● **HOW TO COMPLETE THIS TASK**
Using the records that appear below, write out exactly the lines from the one with "The Balrog of Moria The Balrog of Moria" through the one with "Ghaziabad Hotel | Hotel Prithvi palace", keeping both end lines.
*** RECORD EXCERPTS Section Begins ***
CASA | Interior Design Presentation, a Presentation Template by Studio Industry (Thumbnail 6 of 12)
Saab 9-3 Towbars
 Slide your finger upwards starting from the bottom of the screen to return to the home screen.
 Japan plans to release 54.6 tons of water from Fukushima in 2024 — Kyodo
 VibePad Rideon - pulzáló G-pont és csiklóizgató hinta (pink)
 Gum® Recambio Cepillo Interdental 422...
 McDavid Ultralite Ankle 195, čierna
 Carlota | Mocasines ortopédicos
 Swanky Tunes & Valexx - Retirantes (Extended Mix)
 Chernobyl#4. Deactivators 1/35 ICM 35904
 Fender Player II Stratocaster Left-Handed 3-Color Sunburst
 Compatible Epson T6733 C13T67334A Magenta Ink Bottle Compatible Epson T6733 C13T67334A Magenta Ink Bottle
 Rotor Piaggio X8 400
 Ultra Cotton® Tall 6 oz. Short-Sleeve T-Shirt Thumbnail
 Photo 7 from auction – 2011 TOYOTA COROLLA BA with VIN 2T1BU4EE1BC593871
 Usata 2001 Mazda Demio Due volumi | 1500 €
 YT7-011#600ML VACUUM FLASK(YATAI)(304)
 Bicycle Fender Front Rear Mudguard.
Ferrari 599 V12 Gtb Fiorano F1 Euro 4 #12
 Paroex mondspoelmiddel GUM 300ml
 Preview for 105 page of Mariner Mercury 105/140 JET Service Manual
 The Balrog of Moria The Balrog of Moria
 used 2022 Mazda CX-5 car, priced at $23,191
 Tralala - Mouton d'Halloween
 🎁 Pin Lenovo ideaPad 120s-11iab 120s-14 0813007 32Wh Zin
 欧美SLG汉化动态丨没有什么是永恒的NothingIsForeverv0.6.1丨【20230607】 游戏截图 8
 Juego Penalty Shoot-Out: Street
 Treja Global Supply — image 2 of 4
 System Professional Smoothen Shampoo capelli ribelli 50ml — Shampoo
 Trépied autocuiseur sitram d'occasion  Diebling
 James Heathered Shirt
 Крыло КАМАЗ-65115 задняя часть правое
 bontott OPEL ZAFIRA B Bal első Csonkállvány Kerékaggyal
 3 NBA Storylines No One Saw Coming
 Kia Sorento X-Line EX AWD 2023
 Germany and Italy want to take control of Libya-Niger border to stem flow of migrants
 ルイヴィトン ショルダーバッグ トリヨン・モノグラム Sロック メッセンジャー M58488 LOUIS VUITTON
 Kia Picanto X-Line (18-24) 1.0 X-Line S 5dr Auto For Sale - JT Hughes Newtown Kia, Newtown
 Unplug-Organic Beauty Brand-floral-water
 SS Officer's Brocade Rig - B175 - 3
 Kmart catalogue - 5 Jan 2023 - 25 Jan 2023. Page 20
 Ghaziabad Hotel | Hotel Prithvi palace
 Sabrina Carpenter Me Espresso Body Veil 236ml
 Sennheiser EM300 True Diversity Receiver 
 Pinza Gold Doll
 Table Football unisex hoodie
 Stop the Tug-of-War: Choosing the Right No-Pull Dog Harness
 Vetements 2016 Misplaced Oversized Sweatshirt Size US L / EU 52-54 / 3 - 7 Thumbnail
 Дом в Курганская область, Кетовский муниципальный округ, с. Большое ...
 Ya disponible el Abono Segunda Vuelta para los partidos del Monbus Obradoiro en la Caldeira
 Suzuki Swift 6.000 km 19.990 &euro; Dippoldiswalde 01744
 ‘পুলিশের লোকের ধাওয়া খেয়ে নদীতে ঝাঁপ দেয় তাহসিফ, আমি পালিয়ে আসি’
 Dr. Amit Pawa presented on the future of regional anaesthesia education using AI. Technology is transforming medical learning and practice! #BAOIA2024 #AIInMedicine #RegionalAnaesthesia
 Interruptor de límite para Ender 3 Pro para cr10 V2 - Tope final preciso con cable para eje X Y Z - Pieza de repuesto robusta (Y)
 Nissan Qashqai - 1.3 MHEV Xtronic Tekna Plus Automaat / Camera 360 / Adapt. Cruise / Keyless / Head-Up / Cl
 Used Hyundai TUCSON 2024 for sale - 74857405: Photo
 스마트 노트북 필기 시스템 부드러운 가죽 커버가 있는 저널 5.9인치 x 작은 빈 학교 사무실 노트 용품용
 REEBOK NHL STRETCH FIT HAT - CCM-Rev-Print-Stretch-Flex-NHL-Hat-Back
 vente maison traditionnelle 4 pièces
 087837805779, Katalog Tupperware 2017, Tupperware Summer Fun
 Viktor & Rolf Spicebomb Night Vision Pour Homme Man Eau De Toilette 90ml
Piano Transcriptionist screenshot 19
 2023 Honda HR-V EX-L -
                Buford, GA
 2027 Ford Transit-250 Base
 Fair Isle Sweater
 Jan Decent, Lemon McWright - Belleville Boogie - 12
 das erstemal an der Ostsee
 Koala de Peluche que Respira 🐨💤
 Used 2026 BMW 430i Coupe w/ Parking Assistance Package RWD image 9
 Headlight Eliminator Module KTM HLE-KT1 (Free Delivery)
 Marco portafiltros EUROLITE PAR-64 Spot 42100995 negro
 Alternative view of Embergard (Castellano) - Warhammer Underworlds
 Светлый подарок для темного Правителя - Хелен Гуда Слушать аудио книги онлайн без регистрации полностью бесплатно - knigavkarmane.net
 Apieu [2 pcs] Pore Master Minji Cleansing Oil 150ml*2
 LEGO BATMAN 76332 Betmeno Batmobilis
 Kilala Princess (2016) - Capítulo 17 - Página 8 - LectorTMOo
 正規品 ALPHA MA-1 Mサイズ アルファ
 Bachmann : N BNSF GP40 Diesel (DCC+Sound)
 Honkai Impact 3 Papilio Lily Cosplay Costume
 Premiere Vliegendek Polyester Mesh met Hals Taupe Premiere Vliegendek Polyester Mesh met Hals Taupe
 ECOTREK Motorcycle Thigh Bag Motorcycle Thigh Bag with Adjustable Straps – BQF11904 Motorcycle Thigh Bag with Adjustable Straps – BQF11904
*** RECORD EXCERPTS Section Ends ***
● **OUTPUT FOR THIS TASK**
 The Balrog of Moria The Balrog of Moria
 used 2022 Mazda CX-5 car, priced at $23,191
 Tralala - Mouton d'Halloween
 🎁 Pin Lenovo ideaPad 120s-11iab 120s-14 0813007 32Wh Zin
 欧美SLG汉化动态丨没有什么是永恒的NothingIsForeverv0.6.1丨【20230607】 游戏截图 8
 Juego Penalty Shoot-Out: Street
 Treja Global Supply — image 2 of 4
 System Professional Smoothen Shampoo capelli ribelli 50ml — Shampoo
 Trépied autocuiseur sitram d'occasion  Diebling
 James Heathered Shirt
 Крыло КАМАЗ-65115 задняя часть правое
 bontott OPEL ZAFIRA B Bal első Csonkállvány Kerékaggyal
 3 NBA Storylines No One Saw Coming
 Kia Sorento X-Line EX AWD 2023
 Germany and Italy want to take control of Libya-Niger border to stem flow of migrants
 ルイヴィトン ショルダーバッグ トリヨン・モノグラム Sロック メッセンジャー M58488 LOUIS VUITTON
 Kia Picanto X-Line (18-24) 1.0 X-Line S 5dr Auto For Sale - JT Hughes Newtown Kia, Newtown
 Unplug-Organic Beauty Brand-floral-water
 SS Officer's Brocade Rig - B175 - 3
 Kmart catalogue - 5 Jan 2023 - 25 Jan 2023. Page 20
 Ghaziabad Hotel | Hotel Prithvi palace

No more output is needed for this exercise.